Stored dataset items:
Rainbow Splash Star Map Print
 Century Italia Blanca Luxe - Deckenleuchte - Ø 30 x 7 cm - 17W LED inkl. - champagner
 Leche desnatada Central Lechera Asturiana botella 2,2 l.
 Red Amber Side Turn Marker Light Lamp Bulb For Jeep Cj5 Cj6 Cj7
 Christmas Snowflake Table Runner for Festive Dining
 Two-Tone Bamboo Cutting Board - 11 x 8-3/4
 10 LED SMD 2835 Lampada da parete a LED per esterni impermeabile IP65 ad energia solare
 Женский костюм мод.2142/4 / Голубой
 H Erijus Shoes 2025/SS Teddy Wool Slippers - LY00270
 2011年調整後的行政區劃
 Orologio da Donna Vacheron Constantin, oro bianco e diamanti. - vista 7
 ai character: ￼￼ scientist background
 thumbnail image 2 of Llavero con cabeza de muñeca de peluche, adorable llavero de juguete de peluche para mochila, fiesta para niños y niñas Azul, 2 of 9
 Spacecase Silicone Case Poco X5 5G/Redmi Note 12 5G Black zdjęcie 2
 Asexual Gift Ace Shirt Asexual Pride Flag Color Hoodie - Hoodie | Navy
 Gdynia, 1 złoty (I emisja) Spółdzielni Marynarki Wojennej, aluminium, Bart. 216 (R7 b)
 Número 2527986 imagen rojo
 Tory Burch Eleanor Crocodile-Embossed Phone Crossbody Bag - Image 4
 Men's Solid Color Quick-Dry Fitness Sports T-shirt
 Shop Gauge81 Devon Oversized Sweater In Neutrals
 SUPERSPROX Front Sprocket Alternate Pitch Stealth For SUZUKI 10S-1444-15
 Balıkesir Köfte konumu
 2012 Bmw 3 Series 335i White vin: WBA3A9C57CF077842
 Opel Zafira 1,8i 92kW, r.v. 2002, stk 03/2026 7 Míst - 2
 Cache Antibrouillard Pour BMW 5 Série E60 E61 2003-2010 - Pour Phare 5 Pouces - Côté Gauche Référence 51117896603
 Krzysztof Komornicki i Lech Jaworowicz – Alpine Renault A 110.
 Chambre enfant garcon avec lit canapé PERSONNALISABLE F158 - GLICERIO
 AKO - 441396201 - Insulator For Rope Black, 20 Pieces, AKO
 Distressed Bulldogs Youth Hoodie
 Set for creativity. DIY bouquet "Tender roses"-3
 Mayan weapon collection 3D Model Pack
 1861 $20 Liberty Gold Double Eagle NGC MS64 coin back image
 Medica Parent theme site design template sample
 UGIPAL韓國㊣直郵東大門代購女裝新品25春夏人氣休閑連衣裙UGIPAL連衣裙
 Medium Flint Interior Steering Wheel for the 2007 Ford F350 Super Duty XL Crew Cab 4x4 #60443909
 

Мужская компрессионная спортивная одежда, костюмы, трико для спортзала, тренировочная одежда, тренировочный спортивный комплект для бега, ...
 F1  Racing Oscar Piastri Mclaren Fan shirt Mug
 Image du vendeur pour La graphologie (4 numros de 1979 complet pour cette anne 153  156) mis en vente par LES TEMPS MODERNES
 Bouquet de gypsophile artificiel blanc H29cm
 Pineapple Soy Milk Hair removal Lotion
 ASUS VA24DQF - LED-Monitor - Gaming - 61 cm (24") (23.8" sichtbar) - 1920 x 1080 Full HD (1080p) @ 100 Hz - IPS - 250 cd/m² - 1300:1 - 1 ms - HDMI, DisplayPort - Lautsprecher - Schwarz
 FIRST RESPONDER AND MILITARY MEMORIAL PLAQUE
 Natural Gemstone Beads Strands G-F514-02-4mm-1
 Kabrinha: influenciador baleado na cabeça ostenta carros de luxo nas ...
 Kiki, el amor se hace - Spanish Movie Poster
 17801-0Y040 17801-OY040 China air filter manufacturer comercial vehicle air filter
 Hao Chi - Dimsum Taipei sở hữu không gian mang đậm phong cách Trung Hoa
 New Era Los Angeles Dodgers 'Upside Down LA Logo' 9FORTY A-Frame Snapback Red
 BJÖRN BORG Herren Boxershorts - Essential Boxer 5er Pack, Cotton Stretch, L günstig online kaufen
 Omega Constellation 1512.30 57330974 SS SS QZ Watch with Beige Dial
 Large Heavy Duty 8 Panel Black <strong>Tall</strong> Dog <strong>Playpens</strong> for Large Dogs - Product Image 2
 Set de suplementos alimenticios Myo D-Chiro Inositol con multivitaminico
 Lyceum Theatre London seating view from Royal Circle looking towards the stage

**Requirement:** Lines above with the string "Hoodie" need to be found and copied.

**Result:**
 Asexual Gift Ace Shirt Asexual Pride Flag Color Hoodie - Hoodie | Navy
 Distressed Bulldogs Youth Hoodie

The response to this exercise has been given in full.